September 19, 2005
By John Fischer
I heard a story once about a girl who flunked witnessing. Though this was an actual course she failed at a Bible college, I think we can all identify on some level with flunking witnessing as not a course, but a reality in our daily lives. I’ve flunked witnessing numerous times by simply not making myself available to the Holy Spirit for the job. Others have probably flunked witnessing by not feeling prepared enough. We have all kinds of ways of disqualifying ourselves for this job. We wouldn’t know what to say. We wouldn’t know how to bring up the subject. We haven’t taken the course, much less passed it.
But telling others about Christ is one of the five great purposes in our lives. Why do we often find this so hard? Partly I think it’s because we’ve made such a big deal about it. In some circles it’s not one of five purposes, it’s our only purpose, and it’s usually presented as if we were at a sales conference getting pumped to sell our product.
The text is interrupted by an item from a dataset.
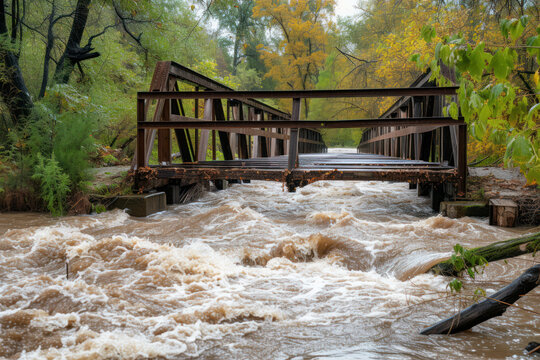 Flooding river creek destroyed a bridge after heavy rain flood water shows the forces of nature and the need for insurance against dangerous weather, windstorms, cyclones, tornados and hurricanes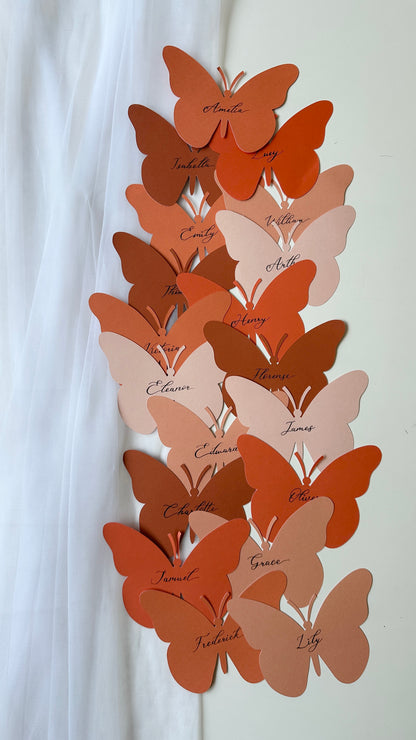 Orange Butterfly Place Cards- Assorted Shades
I don’t know about you, but I’m a very poor salesman. I’m the kind of guy whose sales pitch would be, “You don’t want to buy this, do you?” I don’t like interrupting people. I don’t like infringing on their space. I hate it when people do that to me, so why would I engage in it myself? Plus, I don’t like pretense. I don’t like being nice to someone just to make a deal. I wouldn’t want anyone to think they are a means to an end.
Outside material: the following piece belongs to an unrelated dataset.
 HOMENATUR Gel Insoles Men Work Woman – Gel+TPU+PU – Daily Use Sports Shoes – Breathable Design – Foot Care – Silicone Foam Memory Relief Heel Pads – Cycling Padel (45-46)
That’s why I’ve been very encouraged to find out that true witnessing doesn’t involve any of these things. It doesn’t even involve having a memorized speech. Witnessing is really nothing more than befriending people and telling them your story at the right time (usually when they ask you).
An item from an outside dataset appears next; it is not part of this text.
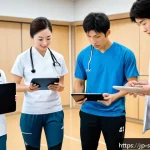 스포츠재활의 법적 윤리적 문제 - A modern Japanese sports rehabilitation clinic scene showing a diverse group of professionals&mdash;doctor...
Witnessing is being so in love with God that you eventually end up talking about Him. Witnessing is being so overwhelmed by the undeserved nature of your salvation that you can’t contain your joy. Witnessing isn‘t coercing someone; it’s quite the opposite. It’s having someone coerce the gospel out of you, because they can’t stand not knowing what’s going on with you anymore.
If you want to prepare for anything, think about your own story, how you can tell it, and how you can connect it to the events that are happening around you, and the things that are going on in the world that you know people want to talk about. But don’t worry about not being prepared. Probably some of the best witnesses around are people who would flunk a witnessing course, but make excellent friends.